(Description of the task): From the entries below, write out exactly the lines between the line holding "Anyseat 1 Seater" and the line holding "one-shoulder-slim-fit-tee-co424 / White", inclusive, excluding any pictures.

(Source records):
_ _ _ _ _ _ _

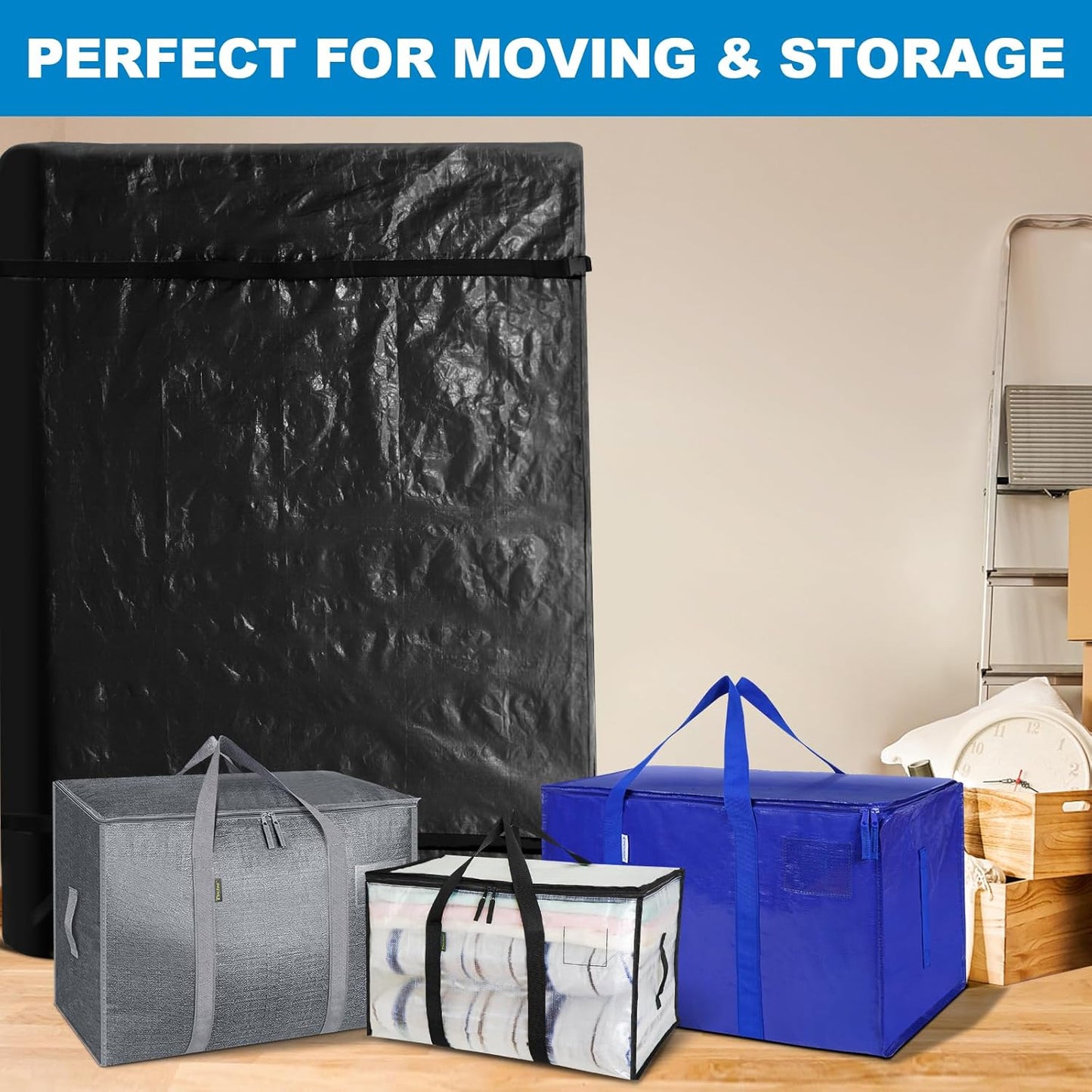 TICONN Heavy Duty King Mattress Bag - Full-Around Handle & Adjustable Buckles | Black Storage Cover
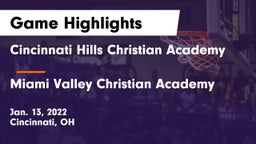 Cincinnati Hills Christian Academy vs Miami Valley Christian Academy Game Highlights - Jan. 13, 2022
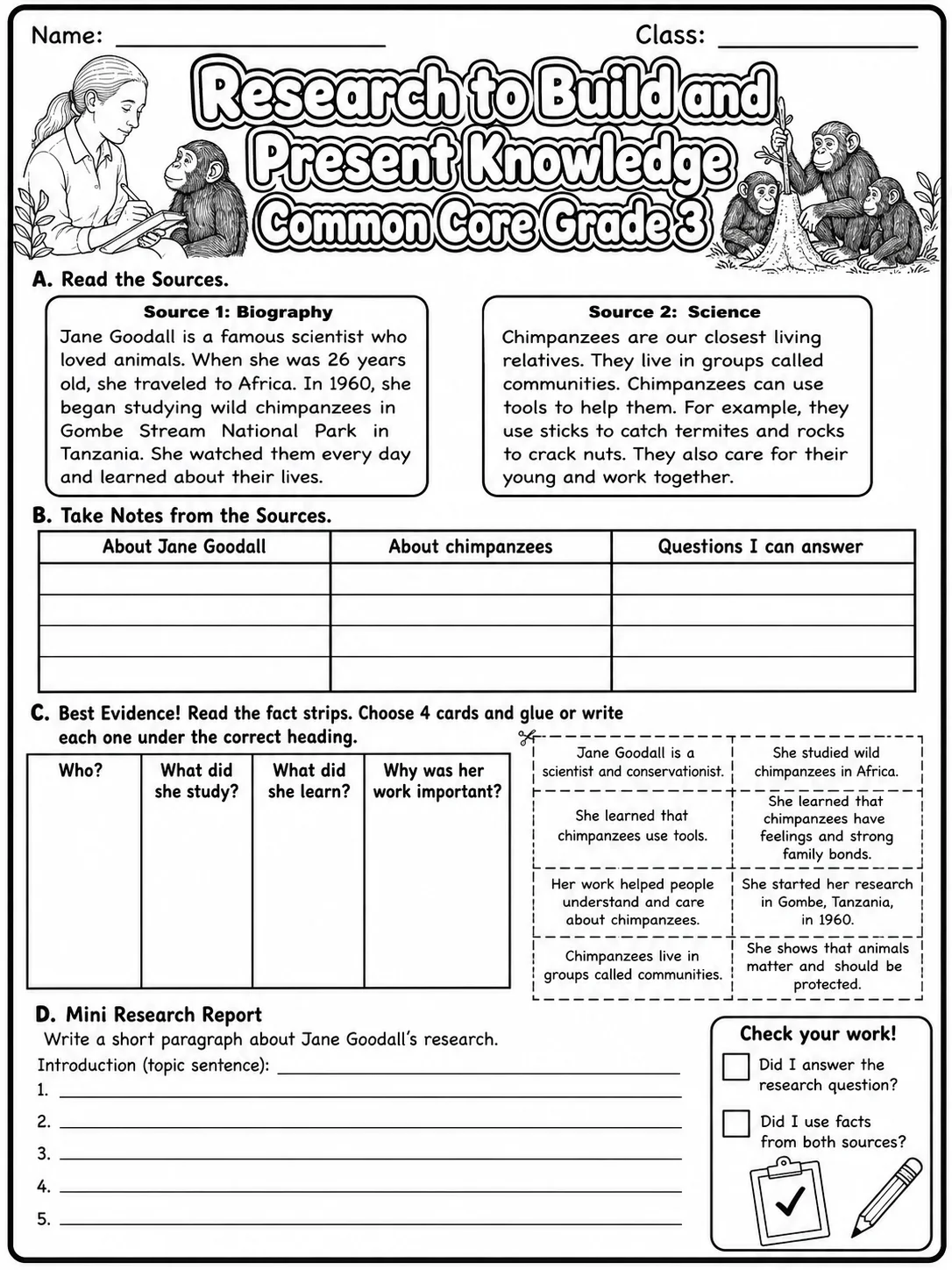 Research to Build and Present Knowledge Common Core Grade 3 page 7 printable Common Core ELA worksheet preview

_ _ _ _ _ _ _

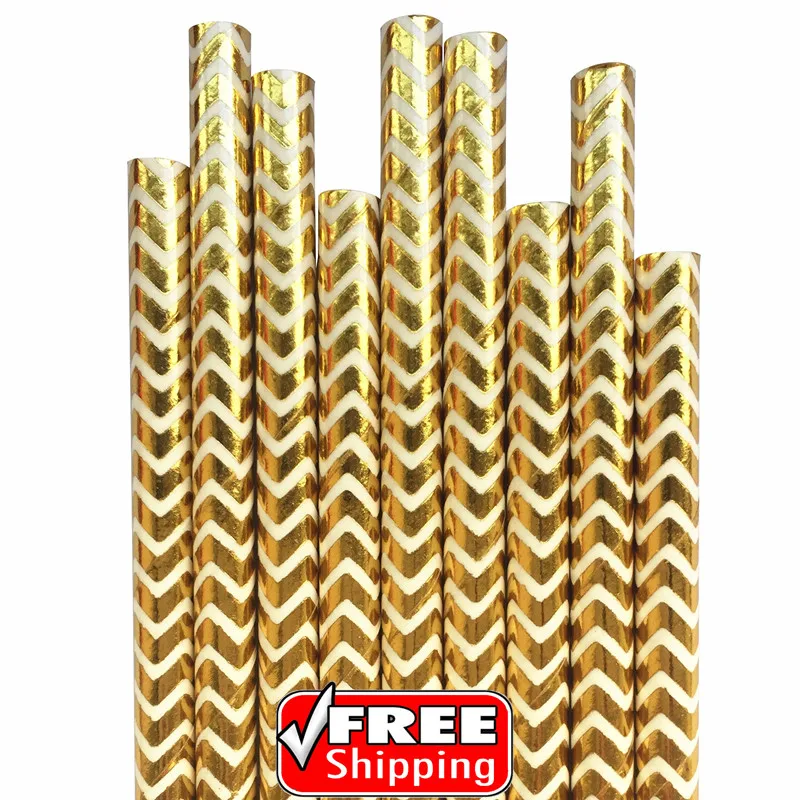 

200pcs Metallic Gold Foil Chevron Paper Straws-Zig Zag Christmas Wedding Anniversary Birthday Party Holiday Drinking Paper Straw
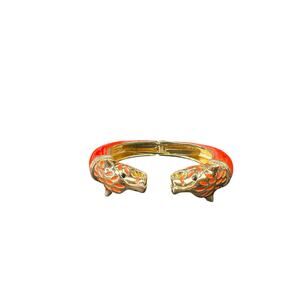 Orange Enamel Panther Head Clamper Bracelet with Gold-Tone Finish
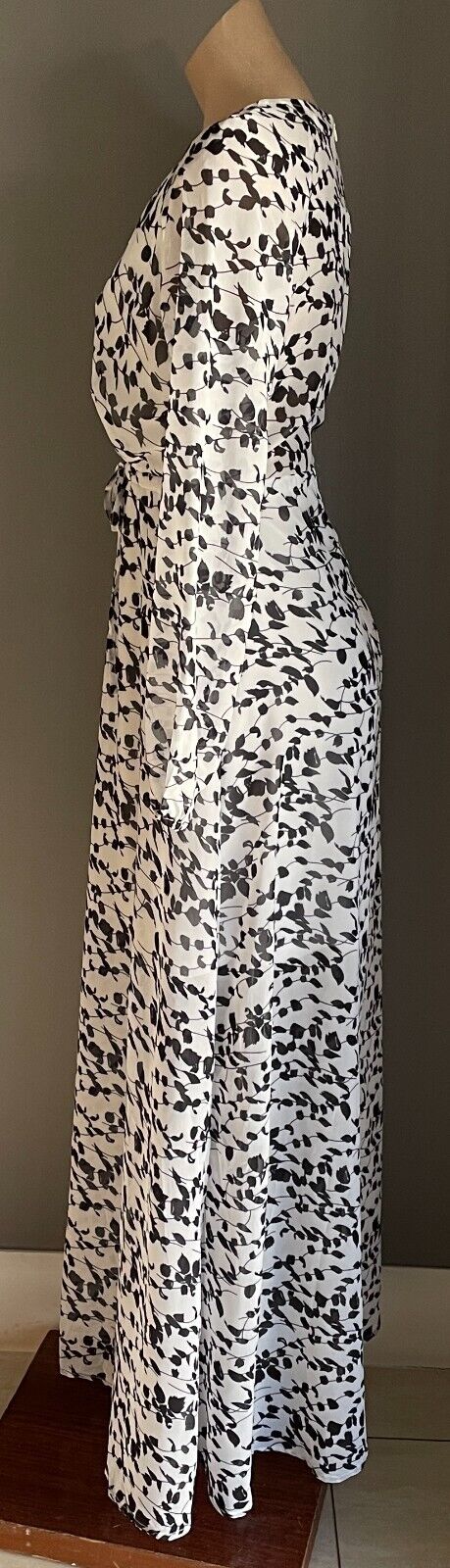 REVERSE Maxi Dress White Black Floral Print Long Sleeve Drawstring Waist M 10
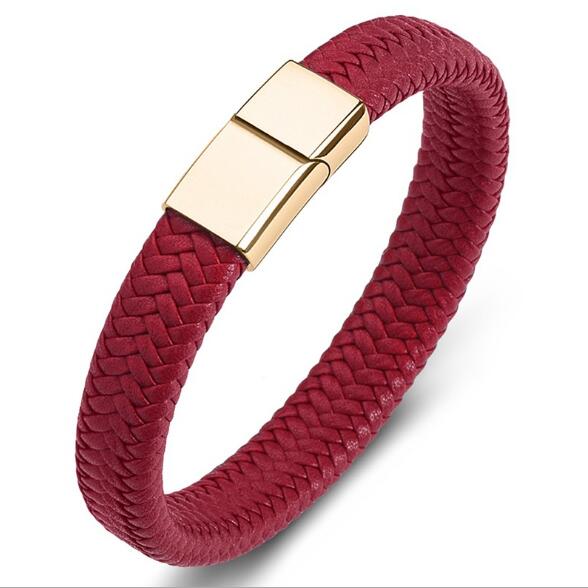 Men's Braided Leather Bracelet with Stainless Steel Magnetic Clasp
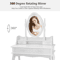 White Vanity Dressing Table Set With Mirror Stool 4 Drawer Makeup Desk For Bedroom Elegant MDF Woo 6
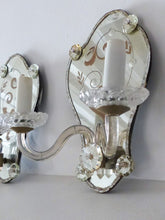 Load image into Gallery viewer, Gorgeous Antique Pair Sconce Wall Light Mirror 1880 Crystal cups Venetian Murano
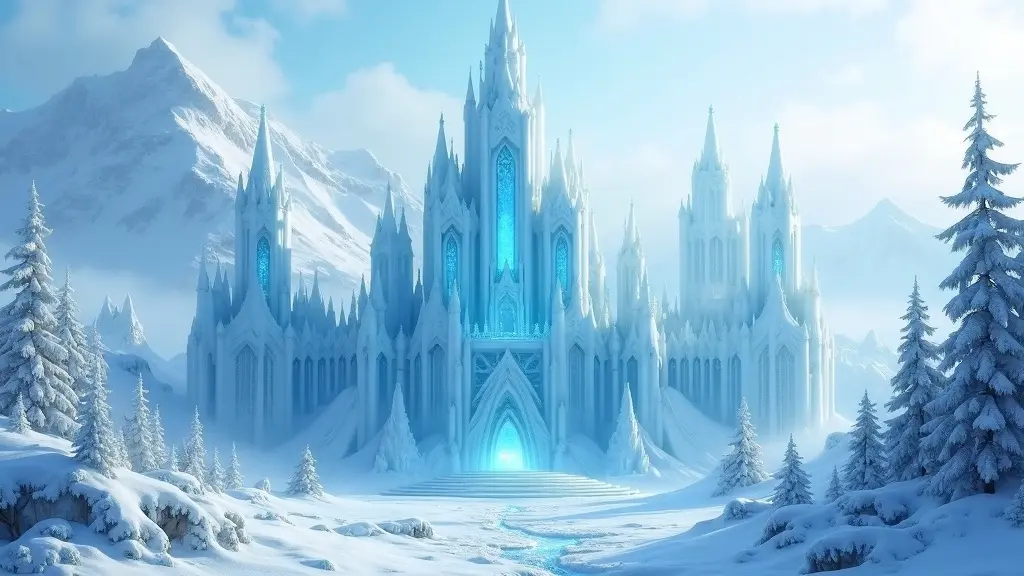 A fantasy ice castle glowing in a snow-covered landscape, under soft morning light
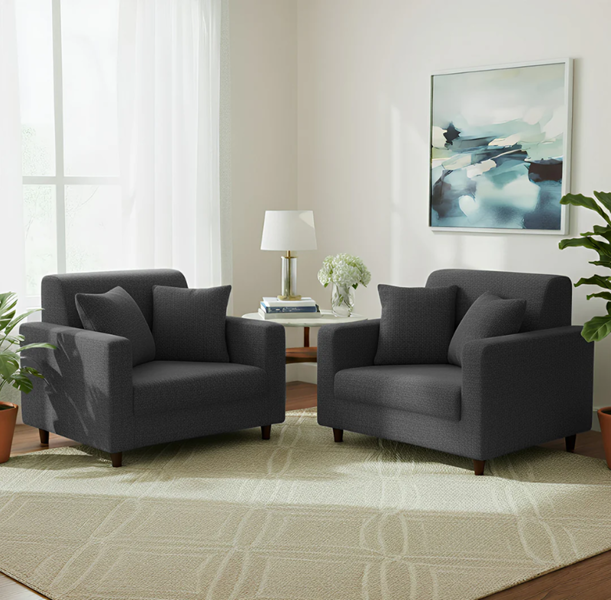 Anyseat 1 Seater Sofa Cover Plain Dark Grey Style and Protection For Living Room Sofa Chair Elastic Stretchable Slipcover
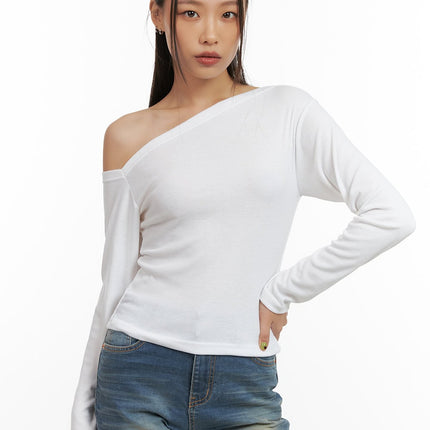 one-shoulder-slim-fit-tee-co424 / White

_ _ _ _ _ _ _

(Answer to this problem):
 Anyseat 1 Seater Sofa Cover Plain Dark Grey Style and Protection For Living Room Sofa Chair Elastic Stretchable Slipcover
 one-shoulder-slim-fit-tee-co424 / White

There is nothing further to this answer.